Bagian mihrab Masjid Xian dan karpet birunya yang adem
XIAN, CINA
“Antum tatakallam arabiah”, tanya sebuah suara berbahasa Arab di belakang kami. Kupingku bagai berdiri mendengarnya. Kami sedang berada di tengah pasar tradisional di Xian, salah satu kota tertua di Cina. Bagaimana mungkin? Kontan aku membalikkan badan dengan penasaran. Seorang pemuda Cina berambut lurus pendek dengan mata sipit tersenyum. Arti pertanyaannya adalah: apakah aku bisa bahasa Arab. “Naam, atakallam arabiah”, sahutku mengiyakan sambil terheran-heran kok bisa orang mirip Jet Li ini bisa bahasa Arab. Matanya berbinar-binar mendengar jawabanku.

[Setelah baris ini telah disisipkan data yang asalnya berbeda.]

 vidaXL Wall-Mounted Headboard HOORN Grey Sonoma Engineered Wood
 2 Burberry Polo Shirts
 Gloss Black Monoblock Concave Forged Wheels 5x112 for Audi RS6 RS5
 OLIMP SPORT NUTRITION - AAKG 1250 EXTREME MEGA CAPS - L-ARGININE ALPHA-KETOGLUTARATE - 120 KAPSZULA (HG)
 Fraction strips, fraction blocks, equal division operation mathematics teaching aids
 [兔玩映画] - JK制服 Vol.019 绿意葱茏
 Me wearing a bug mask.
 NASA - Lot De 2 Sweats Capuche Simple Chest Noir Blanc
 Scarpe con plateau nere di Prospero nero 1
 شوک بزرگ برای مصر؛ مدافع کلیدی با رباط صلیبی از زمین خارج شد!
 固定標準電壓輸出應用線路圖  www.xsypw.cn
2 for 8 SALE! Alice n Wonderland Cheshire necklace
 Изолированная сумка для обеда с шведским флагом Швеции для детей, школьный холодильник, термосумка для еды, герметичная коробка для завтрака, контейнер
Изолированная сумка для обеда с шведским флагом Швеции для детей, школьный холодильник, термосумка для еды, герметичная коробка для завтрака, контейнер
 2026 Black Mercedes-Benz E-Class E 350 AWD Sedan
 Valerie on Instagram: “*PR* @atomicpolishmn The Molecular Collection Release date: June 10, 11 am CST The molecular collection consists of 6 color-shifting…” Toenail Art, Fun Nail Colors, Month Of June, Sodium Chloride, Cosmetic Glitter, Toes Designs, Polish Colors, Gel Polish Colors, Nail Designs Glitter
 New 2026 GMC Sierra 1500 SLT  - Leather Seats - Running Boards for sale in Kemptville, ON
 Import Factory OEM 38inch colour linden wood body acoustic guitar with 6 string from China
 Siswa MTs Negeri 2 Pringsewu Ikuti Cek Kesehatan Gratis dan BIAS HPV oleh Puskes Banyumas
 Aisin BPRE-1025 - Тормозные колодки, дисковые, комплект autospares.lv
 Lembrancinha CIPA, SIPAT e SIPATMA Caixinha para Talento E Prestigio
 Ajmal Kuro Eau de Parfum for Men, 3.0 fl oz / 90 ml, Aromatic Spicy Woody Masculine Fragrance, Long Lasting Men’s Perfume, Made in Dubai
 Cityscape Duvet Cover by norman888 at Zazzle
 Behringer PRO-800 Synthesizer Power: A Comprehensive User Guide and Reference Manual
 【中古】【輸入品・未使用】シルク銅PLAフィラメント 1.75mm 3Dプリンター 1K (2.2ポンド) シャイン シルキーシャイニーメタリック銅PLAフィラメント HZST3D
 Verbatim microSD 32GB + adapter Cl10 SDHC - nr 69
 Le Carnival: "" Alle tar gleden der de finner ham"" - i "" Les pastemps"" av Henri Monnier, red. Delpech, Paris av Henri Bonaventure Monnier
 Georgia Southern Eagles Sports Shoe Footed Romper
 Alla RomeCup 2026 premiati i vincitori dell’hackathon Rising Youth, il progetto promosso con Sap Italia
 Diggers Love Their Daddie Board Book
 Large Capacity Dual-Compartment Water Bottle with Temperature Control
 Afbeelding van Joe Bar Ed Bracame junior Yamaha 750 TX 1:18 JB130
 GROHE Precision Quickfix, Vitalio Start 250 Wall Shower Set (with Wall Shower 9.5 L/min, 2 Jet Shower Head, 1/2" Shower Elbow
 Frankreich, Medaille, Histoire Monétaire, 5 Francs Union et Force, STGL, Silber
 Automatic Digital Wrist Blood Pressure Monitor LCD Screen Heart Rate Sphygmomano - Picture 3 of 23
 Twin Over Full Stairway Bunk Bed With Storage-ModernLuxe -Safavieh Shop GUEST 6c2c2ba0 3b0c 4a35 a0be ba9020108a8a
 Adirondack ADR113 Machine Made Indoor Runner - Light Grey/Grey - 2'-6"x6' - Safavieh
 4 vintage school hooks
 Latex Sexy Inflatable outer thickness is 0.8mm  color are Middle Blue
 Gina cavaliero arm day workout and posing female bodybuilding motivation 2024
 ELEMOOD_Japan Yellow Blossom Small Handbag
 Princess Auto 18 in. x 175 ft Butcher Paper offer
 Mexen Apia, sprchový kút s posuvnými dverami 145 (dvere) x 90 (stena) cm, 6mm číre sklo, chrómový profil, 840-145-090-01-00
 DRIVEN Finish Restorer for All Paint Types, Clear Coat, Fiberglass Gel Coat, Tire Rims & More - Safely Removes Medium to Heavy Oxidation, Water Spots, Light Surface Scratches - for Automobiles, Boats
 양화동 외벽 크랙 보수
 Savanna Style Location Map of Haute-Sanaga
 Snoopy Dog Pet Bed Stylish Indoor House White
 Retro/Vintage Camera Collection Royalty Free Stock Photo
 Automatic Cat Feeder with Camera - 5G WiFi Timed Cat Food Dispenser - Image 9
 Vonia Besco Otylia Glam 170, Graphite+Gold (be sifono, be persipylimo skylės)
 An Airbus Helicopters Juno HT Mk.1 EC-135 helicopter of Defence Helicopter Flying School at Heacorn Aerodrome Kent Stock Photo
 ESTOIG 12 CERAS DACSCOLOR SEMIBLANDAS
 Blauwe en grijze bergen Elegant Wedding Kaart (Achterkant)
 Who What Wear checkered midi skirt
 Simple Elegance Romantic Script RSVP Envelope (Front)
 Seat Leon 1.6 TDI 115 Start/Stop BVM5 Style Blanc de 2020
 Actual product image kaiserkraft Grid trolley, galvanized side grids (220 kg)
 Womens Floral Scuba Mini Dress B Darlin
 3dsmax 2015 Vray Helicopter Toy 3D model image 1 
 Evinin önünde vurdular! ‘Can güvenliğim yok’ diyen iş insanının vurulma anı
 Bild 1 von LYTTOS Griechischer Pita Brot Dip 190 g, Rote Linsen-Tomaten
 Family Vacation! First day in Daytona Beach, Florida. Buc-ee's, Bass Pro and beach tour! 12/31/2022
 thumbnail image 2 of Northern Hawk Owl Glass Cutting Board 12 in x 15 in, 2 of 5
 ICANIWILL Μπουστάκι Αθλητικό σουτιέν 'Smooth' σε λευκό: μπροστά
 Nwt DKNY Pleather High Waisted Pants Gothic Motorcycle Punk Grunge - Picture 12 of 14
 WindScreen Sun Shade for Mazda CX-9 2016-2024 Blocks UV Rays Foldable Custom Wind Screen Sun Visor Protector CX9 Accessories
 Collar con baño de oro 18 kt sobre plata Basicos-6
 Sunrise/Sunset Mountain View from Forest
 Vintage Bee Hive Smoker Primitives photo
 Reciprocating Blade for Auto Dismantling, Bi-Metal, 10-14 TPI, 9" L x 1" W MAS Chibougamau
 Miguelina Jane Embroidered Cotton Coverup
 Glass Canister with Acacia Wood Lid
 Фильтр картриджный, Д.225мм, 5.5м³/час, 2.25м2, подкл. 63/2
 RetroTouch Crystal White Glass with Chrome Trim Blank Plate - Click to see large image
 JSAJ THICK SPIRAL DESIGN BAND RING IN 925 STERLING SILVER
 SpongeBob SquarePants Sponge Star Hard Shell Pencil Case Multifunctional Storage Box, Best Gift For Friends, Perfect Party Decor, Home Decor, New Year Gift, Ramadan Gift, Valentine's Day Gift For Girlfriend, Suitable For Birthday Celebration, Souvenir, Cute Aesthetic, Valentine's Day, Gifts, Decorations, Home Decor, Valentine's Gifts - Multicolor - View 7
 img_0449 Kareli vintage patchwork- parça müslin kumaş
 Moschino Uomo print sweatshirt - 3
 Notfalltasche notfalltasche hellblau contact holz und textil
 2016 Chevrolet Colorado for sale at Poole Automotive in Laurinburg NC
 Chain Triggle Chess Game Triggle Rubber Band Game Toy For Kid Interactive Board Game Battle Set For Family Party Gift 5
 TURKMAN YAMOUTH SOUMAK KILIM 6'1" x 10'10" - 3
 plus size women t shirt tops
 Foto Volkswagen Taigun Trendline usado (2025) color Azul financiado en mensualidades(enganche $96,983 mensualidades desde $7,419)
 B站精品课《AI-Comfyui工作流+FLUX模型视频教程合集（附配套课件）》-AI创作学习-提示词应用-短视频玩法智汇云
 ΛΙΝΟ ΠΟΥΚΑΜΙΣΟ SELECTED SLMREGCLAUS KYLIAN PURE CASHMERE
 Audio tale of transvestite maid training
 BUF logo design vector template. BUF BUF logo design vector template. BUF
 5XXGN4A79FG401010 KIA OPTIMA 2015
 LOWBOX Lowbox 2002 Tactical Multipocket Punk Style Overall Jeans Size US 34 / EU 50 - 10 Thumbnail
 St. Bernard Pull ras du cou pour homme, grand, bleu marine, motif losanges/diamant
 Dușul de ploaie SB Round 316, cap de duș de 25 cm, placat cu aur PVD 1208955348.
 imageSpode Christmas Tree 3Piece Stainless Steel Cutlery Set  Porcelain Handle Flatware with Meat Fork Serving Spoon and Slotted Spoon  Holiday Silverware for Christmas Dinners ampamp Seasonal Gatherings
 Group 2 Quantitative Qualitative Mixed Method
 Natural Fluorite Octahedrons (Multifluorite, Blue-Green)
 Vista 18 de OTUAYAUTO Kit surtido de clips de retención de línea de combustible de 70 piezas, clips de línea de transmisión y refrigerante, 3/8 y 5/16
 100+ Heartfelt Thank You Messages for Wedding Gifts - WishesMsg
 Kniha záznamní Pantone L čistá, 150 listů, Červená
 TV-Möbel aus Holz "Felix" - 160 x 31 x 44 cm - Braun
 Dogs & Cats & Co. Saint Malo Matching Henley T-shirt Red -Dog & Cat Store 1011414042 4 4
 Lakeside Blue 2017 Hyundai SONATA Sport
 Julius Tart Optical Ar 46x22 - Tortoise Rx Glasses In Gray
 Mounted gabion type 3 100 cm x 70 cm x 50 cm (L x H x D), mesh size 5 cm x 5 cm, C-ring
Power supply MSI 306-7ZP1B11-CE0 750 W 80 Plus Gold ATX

Pemuda berumur 20-an tahun yang dipanggil Ali ini adalah satu dari ribuan penduduk Xian yang beragama Islam. Dia kebetulan tamatan sebuah madrasah yang mengajarkan bahasa Arab. Dengan pertolongan dia kami menemukan Masjid Agung Xian yang dikepung labirin lorong pasar. Dengan bantuan dia pula aku dan Yayi bisa mendapat tur khusus sampai masuk dan shalat di dalam masjid unik ini. Seorang bapak tua tinggi besar berjenggot lebat menjaga pintu masjid dan menyetop semua turis yang ingin masuk, termasuk kami. Tapi begitu Ali menjelaskan kami Muslim, senyum lebarnya merekah. Dengan sebuah “Assalamualaikum”, kami diterima bagai saudara. Walau bisa masuk, Yayi tetap harus shalat di tempat khusus perempuan, di bangunan terpisah. Sementara turis lain melihat kami dengan iri karena mendapat previlege ini.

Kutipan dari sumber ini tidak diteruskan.